# Swollen Nipples



## daisyandoliver (Mar 18, 2013)

So the lump on Kara went away but now more are back, she has about 3 swollen nipples. I flipped her over and checked them out. They're pretty big in an overnight span. Her others are normal sized. She has a vet appointment tomorrow after I'm out of school but does anyone know what this could mean. 

(She is a 8 year old Netherland Dwarf female not spayed since I got her as a retired breeder rabbit just before her 8th birthday.)


----------



## tonyshuman (Mar 19, 2013)

The options aren't great. She could have mastitis, an infection of the mammary tissue, but that's mostly only found in nursing does. Mammary cancer or cysts could also be happening. I don't know if the mammary tissue gets inflamed/enlarged following a pseudopregnancy in unspayed does, but that could potentially be a cause as well. Hoping for the best for you and Kara.


----------



## daisyandoliver (Mar 19, 2013)

Thanks her appointment is in an hour so we will find out...


----------



## daisyandoliver (Mar 19, 2013)

Mammary tumors she said. They aren't causing her pain and her lungs and heart are fine. It would be around $600 the vet said to spay & remove the tumors but there is no guarantee she will make it through the surgeries.
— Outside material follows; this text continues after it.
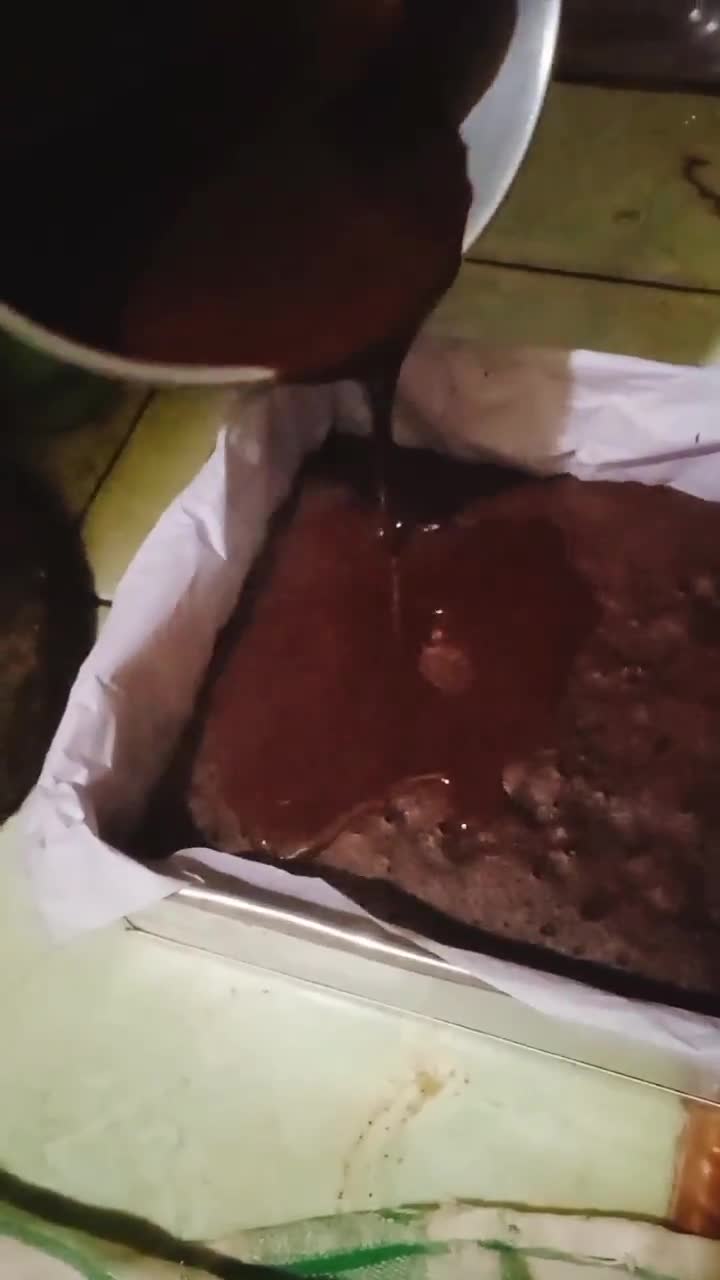 Foto langkah ke 11 dari resep Cake brownies.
I don't have $600 to spend neither does my dad.. So the vet said they arent cancerous yet so when they start to hurt her I can put her down.. I've only had her for a few months but I'm in tears... I want to help her but I can't afford that so.. I don't know...


----------



## missyscove (Mar 20, 2013)

My first rabbit Fiona I adopted spayed from a shelter. After we'd had her for about 5 years she developed mammary cancer. We spent roughly $500 on the surgery to have the tumor removed, but they weren't able to get good borders on it when they removed it and it ended up coming back about 6 months later. She went downhill very rapidly and at that point we decided to euthanize her. 
One of the first places cancer will metastasize to is the lungs so it's definitely likely that you'll see respiratory signs. 
It's a good idea to talk to your vet about any pallative care options like pain meds that may make her more comfortable when the time comes. 
I also recently lost a bunny I'd had for only a few months (Sherlock) so I understand your emotions.


----------



## Imbrium (Mar 20, 2013)

wow, I'm so sorry! that's horrible news about Kara... it seems like you barely just got her 

don't give up yet, though - it's not a lost cause!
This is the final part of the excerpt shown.